Diaz decided to become a Drill Sergeant in 2013 in order to have a direct impact on the development of young Soldiers, especially female Soldiers. Her goal was to set the example that female Soldiers would look to for guidance and encouragement.
Not surprising, Diaz was inspired to become a Drill Sergeant because of her own personal experiences while attending Initial Entry Training (IET) and Advanced Individual Training (AIT).
“When I joined the Army I was a dedicated individual but I did not have a sense of direction or purpose in my life,” Diaz explained. “My Drill Sergeants quickly solved my lack of direction and helped me find the purpose that I had always been looking for: to serve my country, surpass my own expectations, and always be there for my fellow Soldiers.”
When the opportunity arose for females to obtain a Combat Arms MOS, Diaz was one of the first Soldiers in the Squadron to volunteer to attend Calvary Scout (19D) Transition School, graduating in August 2018.
“When I was told that my unit was transitioning and that we would have the opportunity to achieve a Combat Arms MOS, I immediately started asking when the earliest class date was available.” Diaz said, “I knew this was the next best step for myself and my career.”

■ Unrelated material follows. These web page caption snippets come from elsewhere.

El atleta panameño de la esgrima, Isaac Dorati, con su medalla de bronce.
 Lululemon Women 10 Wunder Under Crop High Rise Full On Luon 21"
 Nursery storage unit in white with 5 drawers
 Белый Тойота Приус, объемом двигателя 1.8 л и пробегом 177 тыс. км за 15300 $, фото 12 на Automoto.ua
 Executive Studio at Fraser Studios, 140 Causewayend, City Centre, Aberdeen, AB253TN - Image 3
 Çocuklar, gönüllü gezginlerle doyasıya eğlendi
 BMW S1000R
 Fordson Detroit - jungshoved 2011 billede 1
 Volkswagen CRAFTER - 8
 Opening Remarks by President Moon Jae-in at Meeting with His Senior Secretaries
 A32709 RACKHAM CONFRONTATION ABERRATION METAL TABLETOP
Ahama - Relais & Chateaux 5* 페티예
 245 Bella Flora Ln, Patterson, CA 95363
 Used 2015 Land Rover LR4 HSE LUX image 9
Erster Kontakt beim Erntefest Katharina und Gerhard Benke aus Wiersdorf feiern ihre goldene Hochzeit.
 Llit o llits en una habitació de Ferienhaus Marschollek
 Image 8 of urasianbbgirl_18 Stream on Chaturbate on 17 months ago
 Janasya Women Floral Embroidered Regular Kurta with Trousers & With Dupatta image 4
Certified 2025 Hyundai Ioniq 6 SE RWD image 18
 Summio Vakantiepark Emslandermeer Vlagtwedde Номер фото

SSG Diaz is instructing a group of enlisted Soldiers on the proper technique on entering and clearing a room during the yearly training exercise.
Diaz is eagerly awaiting her first opportunity to train and develop a unit of Calvary Soldiers when she supports the One Station Unit Training (OSUT), this summer, in Fort Benning, GA.
“I have been drilling myself and focusing on the basics to ensure that I am fully prepared to excel during this mission.” Diaz said, “My only desire is to make myself, my unit and the US Army proud.”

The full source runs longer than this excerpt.